By admin · May 21, 2026 · 3 min read
Acid Bomb in Pune: 20‑Year‑Old Stalker’s Jealous Rage Turns Live‑In Love Into a Lava‑River

“If you can't be mine, you can't belong to anyone,” he shouted, setting the stage for what would become a violent showdown. The city of Pune trembled on Tadiwala Road as a 20‑year‑old stalker named Sriram Madhu Sarunwar, armed with a plastic drum, threw a torrent of acid at a woman who was walking with her boyfriend. The impact left scorch marks on her neck, back, and feet, while her partner’s legs suffered comparable burns.

The attack unfolded on May 20, the day the two workers were just heading home from their shift at a local hotel. They carried evening hopes, not the fear that would later seep into their lives. When Sarunwar approached, demanding she abandon her live‑in partner, he didn’t pause. We saw the plastic drum swing, the acid spill, and the helpless reactions that followed. For an instant, the street became a grotesque painting of a woman's agony and the man's indignant fury.

Victims, both 21, had found a routine in their hotel jobs and a life in each other’s company. The man’s threat was not merely about possession—it was an assertion of control that could not be tolerated. Their relationship—a casual, yet intimate, arrangement—was mere background to a man whose jealousy erupted into violence. The victims immediately sought sanctuary at the Bundgarden police station, filing a complaint after the bite of ruined flesh.

Police work ran on a blend of intuition and technology. Utilizing technical surveillance, they traced Sarunwar’s escape route into Karnataka, a move that exemplifies the tryst between law and quick-reading of digital footprints. By the time law‑enforcement officers cornered him, he had already fled, but the chase caught the heat of his criminal ambition. Officers finally hauled him in, shaking menacingly alive memories of the acid‑filled night.

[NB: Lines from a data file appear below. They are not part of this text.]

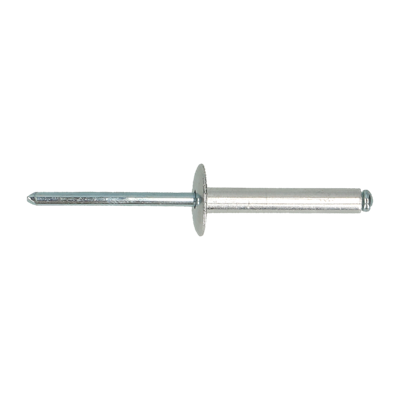 pgb-Europe PGB-FASTENERS | Blindklinknagel DIN 7337C Ø 5,00x12 Al/St | 250 st 07337CR01005000123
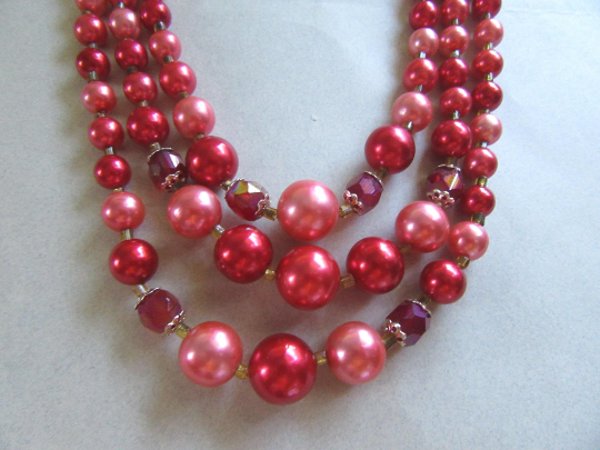 1950s Choker Necklace Japan Vintage Jewelry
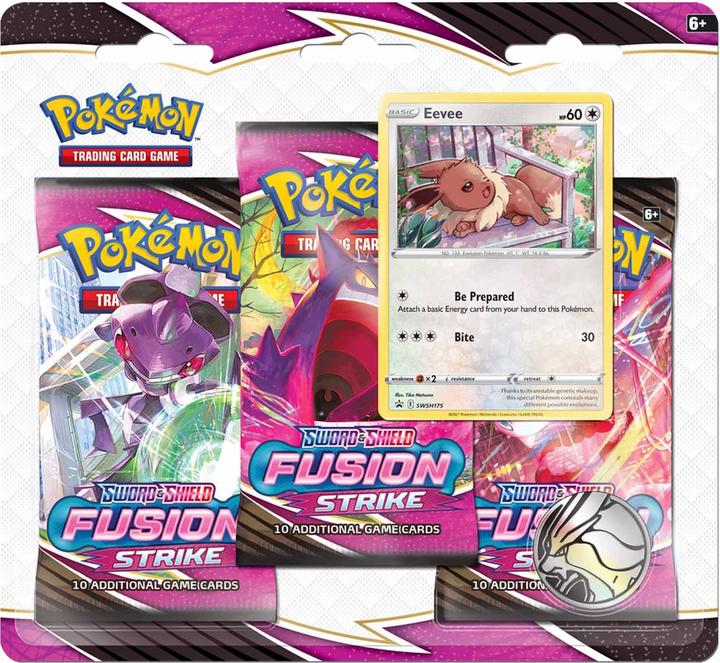Produktbild Pokémon Fusion Strike (Englisch, Blister Pack)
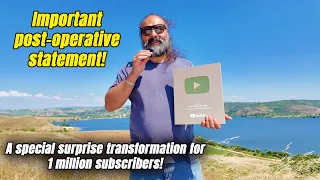 The biggest transformation of the century! Exclusive to 1 million subscribers.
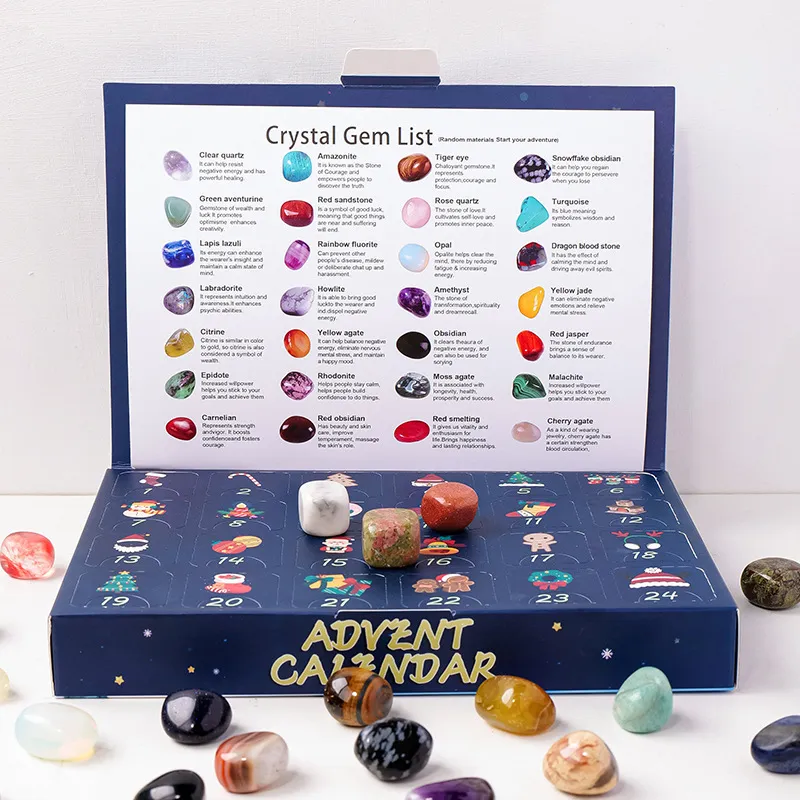 Crystal Gemstone Kids Advent Calendar - Image 2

In a statement, police say the motive was jealousy. But the story isn’t limited to a single act of violence; it echoes a deeper problem. Acid attacks, a crime that turns bodies into unrecognizable canvases, are still a grim reality in India’s cities. Stalkers, no matter their age, can transform the simple plea of “I love you” into a weapon capable of destroying lives. Knowing how quickly the assault happened forces us to ask how many more screaming rumors are hidden behind smiles.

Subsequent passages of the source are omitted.